"Wasn't she just a baby? The infamous 2015 date seemed so far away..."
The statement above was one of the comments written on my Facebook wall when I, like most other parents with school-aged children, recently posted the obligatory back-to-school pictures of my daughters. For the past several years, I've known that this season would be a pivotal turning point in our day-to-day parenting: our youngest would join the school-attending ranks like her older sisters and start kindergarten.
There's much I could say to commemorate this event that has split our parenting landscape and ushered us from the CAH Era (Children At Home) into a new era whose acronym I'm still determining. (I'm torn between a few, the obvious being the CAS Era: Children at School. Another viable contender is the FU3 Era: Free Until Three -- as in, every Monday through Friday, I've suddenly become responsible for only myself and my job until the bus deposits my children back in my care.)

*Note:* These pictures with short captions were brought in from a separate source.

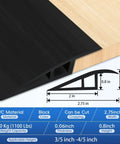 Vinyl Floor Transition Strip Door Threshold Self Adhesive 36 inch, black edge-reducer for smooth doorway transition, dimensions shown.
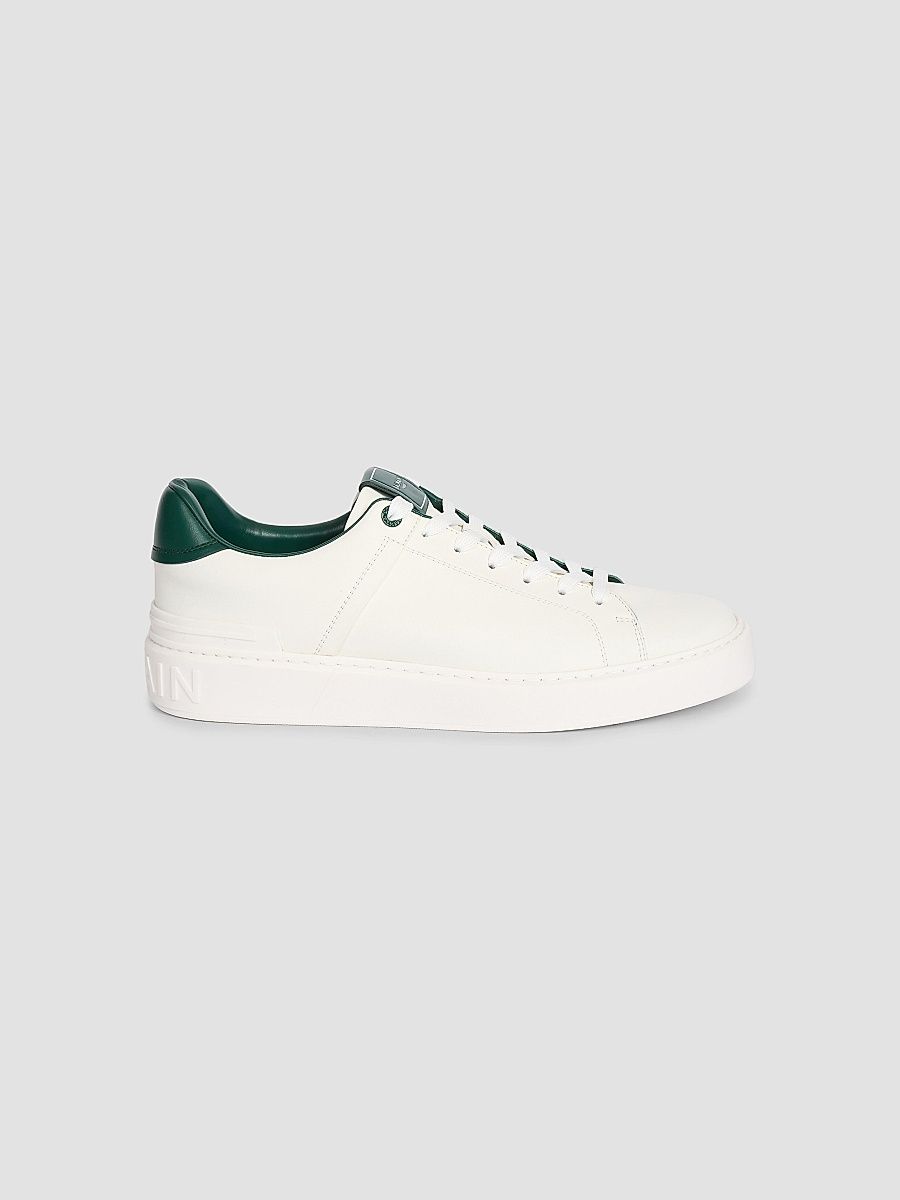 Balmain Men's Court Leather Low Sneakers - Blanc Vert Boute - Size 14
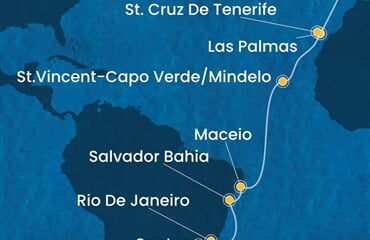 Costa Diadema - Portugalsko, Španělsko, Kapverdy, Brazílie (z Lisabonu)
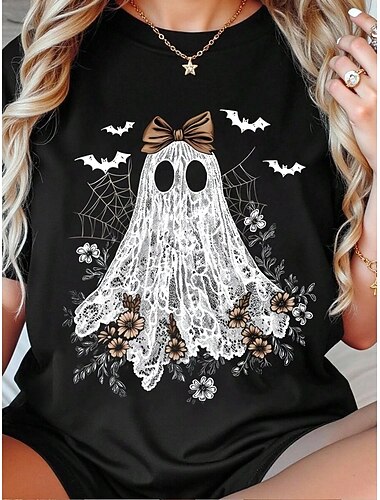  Womens T shirt Ghost Graphic Skull Vintage Stylish Classic Short Sleeve Crew Neck Round Neck Regular Tops Daily Weekend Print Black Summer Spring Fall
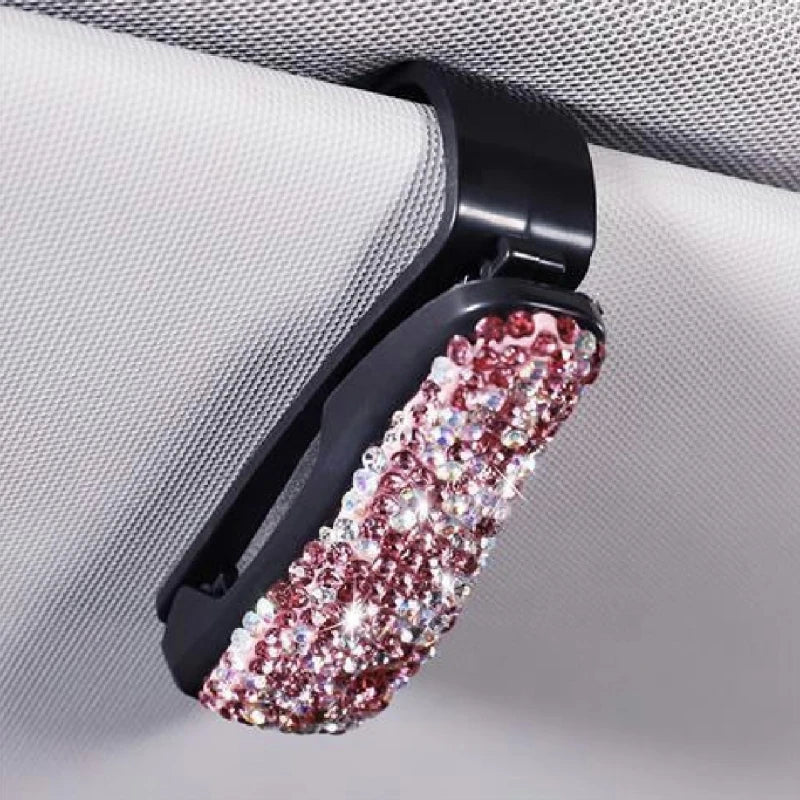 Artificial Diamond Glasses Holders Car Sun Visor Sunglasses Eyeglasses Mount With Ticket Card Clip Car Interior Accessories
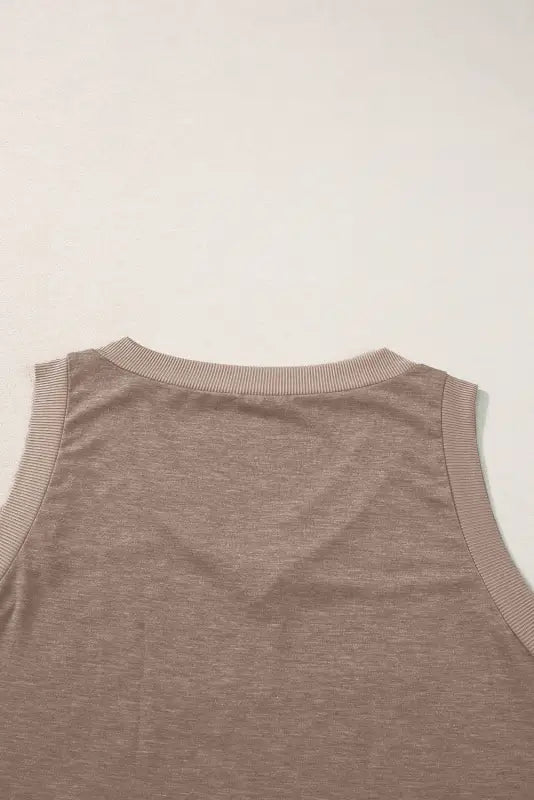 Simply taupe ribbed v neck tank top - tops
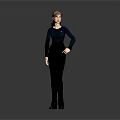 Stylish Woman In Dark Blue Top And Black Pants Standing With Hand On Hip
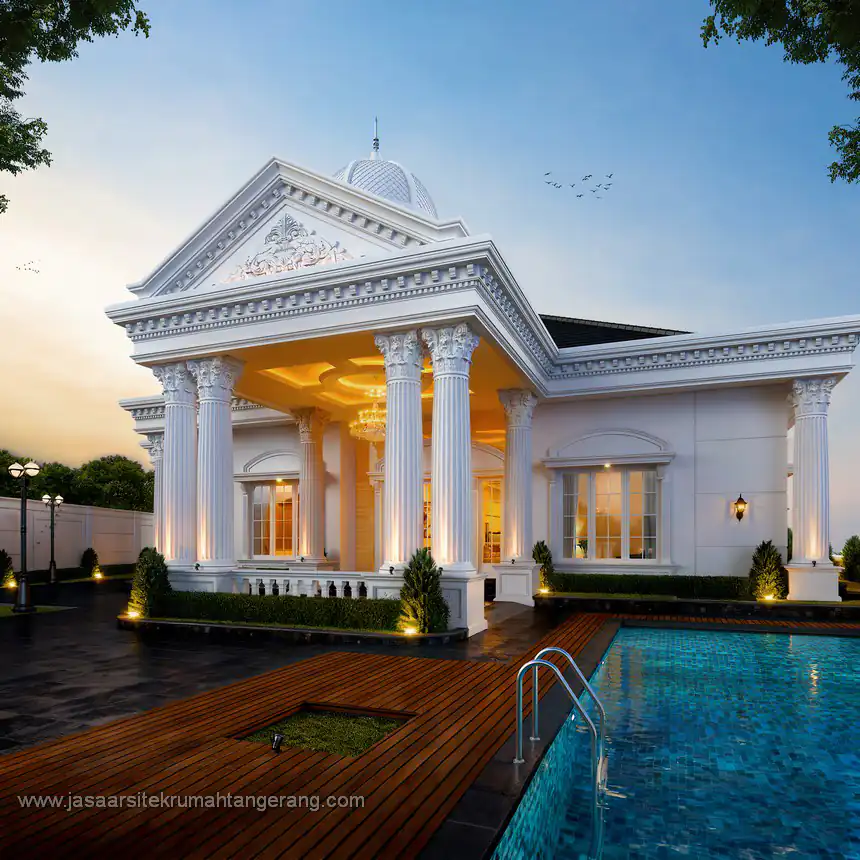 Desain Rumah Klasik Tropis Bapak HRT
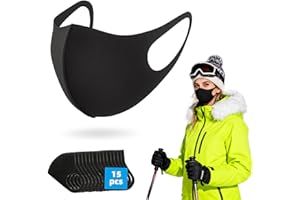 MANG KUNLUN 15PCS Reusable Face Mask, Black Face Masks Sponge Washable, Fabric Breathable, Skin-Friendly, Stylish and Versatile for Adult, Men and Women, Cloth Dust Protection for Outdoor, Travel, Sports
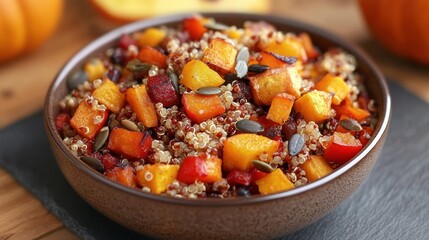 Roasted Pumpkin Quinoa Salad with Seeds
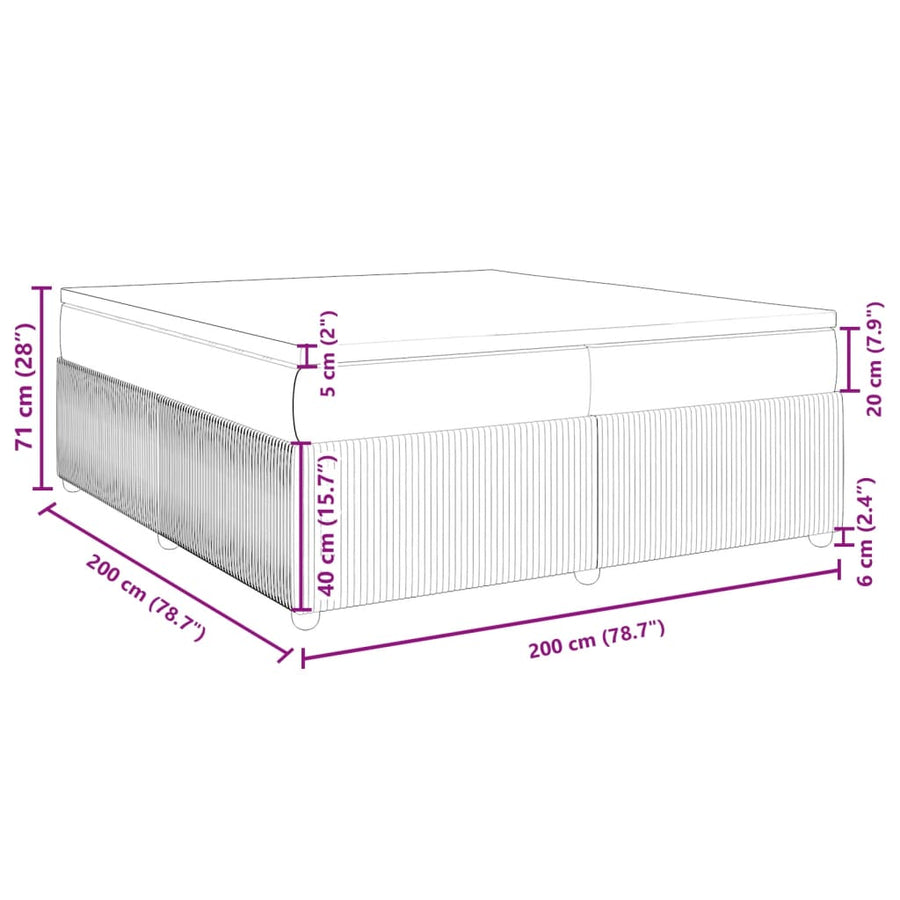Boxspring met matras stof donkergrijs 200x200 cm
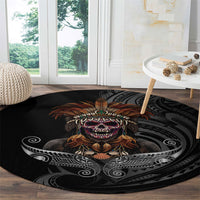 Mokomoko Tribe Eastern Highlands Province Round Carpet Papua New Guinea Indigenous Pattern LT9 - Polynesian Pride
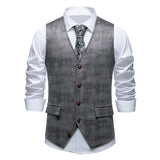 Wiaofellas  -  Autumn Warm Plaid Print Suede Waistcoat Mens Daily Outdoor Slim Fit Single Breasted Tank Tops Male Streetwear Vintage Vests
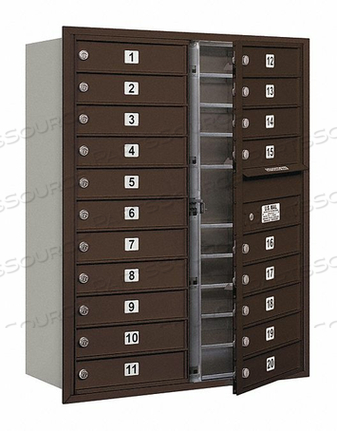 4C HORIZONTAL MAILBOX, 41"H, DOUBLE COLUMN, 20 MB1 DOORS, FRONT LOAD, BRONZE, USPS by Salsbury Industries 4C HORIZONTAL MAILBOX, 41"H, DOUBLE COLUMN, 20 MB1 DOORS, FRONT LOAD, BRONZE, USPS by Salsbury Industries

I could tell you how poignant it is to see a kindergartener wear a backpack that's nearly a third the size of her body. The mere sight warms me (growth! opportunity! she's ready!) and simultaneously stops me in my tracks (responsibility! separation! she's still so small!)
I could share how my heart swelled when she briefly clung to my leg and whispered, "I love you, Mama," when the bus turned the corner onto our street.
I could explain that once the bus pulled away, I leaned into my husband's open arms, buried my face into his shirt, and awkwardly laugh-cried, "We did it, Joel. We did it," as he held me at the bottom of our driveway.
I could tell you how my senses were overloaded by the stillness and silence when I returned inside my house, how I walked aimlessly from room to room for a few moments until I went to my bedroom, stretched out face-first on the floor, and prayed from the depths of my soul: "Lord, guide and protect my girls. Multiply my efforts. Correct my mistakes. I can't always be with them, but You never leave them."
I absolutely ought to acknowledge that my next action was to treat myself to a pedicure -- an uncommon luxury that seemed to be the perfect response to the day's significant openness.
In the hours that followed I cleaned the house, took myself out to lunch, cut the grass, planned my next lecture, went for a run, and reveled in the four calm minutes I had to spare before the bus returned and my children spilled out from it, bombarding me with backpacks and papers and exclamations and all the noise and chaos that had been so drastically absent for the past seven hours.
It was just another day, I know. Just one single day. But somehow, the day represented more. It solidified the truth of my friend's comment. That kindergartener of mine? She was just a baby.
They all were just my babies, and somehow, one day at a time, they've managed to grow up right before my eyes.